Em época de eleição ouvi muitas pessoas justificarem que não votariam em determinado candidato(a), pois não compactuavam com a corrupção. Como se a escolha por determinado candidato (a) representasse apoio incondicional e irrestrito. O mais estranho nisso tudo é que algumas (tantas) destas mesmas pessoas que condenam a corrupção desviam sistematicamente ou cotidianamente. A diferença é que o fazem sem que os demais o saibam. Acredito que elas mesmas não se vejam como corruptas.
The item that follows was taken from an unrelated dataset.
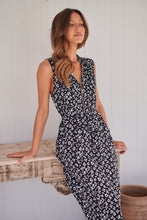 Load image into Gallery viewer, Alma Black/White Dress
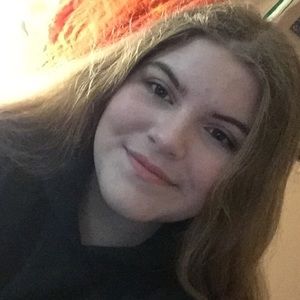 Meet your Posher, Dana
Tal é o nosso estranho hábito de naturalizar.

Para nós, pertencentes a uma classe social privilegiada, não é corrupção se associar a grandes laboratórios e receitar remédios aos pacientes em troca de passagens, hospedagens e participação em grandes congressos. Também não é corrupção não dar nota fiscal; não é corrupção pagar propina; não é corrupção ter dedicação exclusiva e trabalhar em outros lugares no horário que deveria estar prestando serviço aquele que nos paga; não é corrupção receber salário e não prestar um serviço de qualidade; não é corrupção não cumprir horário no trabalho, etc.
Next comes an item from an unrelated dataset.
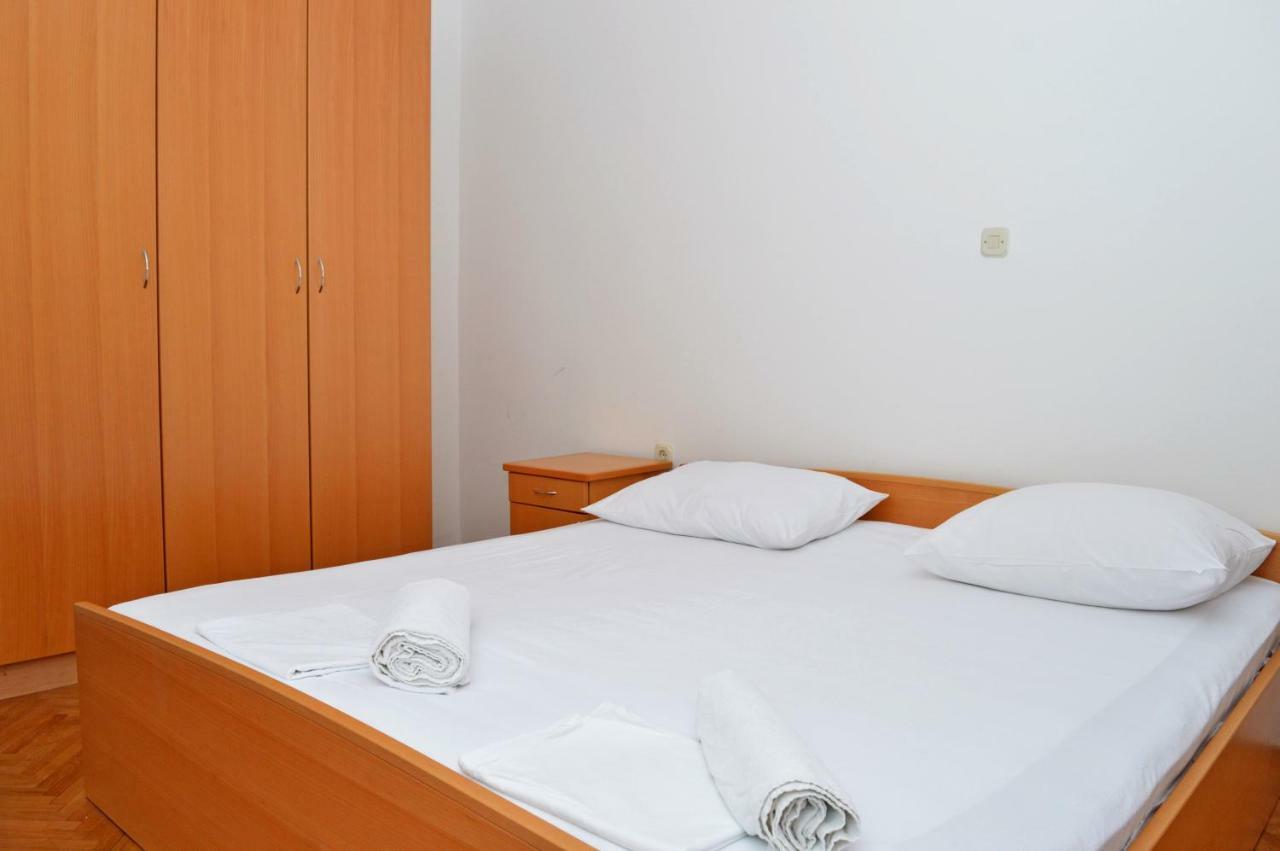 Apartments Macak Новаля Екстер'єр фото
Ou seja, tudo aquilo que fazemos não é corrupção. Corrupção é aquilo que os outros fazem. Ou melhor, aquilo que os políticos fazem. E assim vamos seguindo, separando-nos dos políticos com a doce ilusão de que somos melhores do que eles.

Adoramos maniqueísmos. Somos herdeiros de uma tradição dualista. Adoramos repartir o mundo entre os bons e os maus, os homossexuais e os heterossexuais, os morais e os imorais, os liberais e os comunitaristas, os ateus e os crentes e, por aí vai. E, claro, sempre nos colocamos no grupo que valoramos. Sempre nos refugiamos em algumas categorias, a fim de garantir aquilo que somos e na tentativa de fugir de tudo aquilo que nos amedronta.

Temos medo das possibilidades. Por isso, sempre somos os “cidadãos de bem”, bons e tudo aquilo que entendemos que nos dignifica. Enquanto o outro é tudo aquilo que é desviante. Tudo aquilo que ameaça, viola, fere, transgride.  Como nos diria J. Paul Sartre, o inferno são os outros.

Mas, afinal, por que temos esta estranha obsessão pela disjunção?  Não seria mais interessante viver em um mundo onde pudéssemos não definir ou encerrar nossa sexualidade? Não seria melhor reconhecer que o desviante também nos constitui? Não seria melhor reconhecer que somos bons e maus e que por vezes somos capazes de lindos gestos e em outras somos de uma miserabilidade tamanha? Não seríamos mais generosos com os erros dos outros e até mesmo com os nossos na medida em que nos reconhecêssemos como seres contraditórios e também capazes de cometer equívocos? Olhar para nossas contradições pode revelar muito sobre nós mesmos!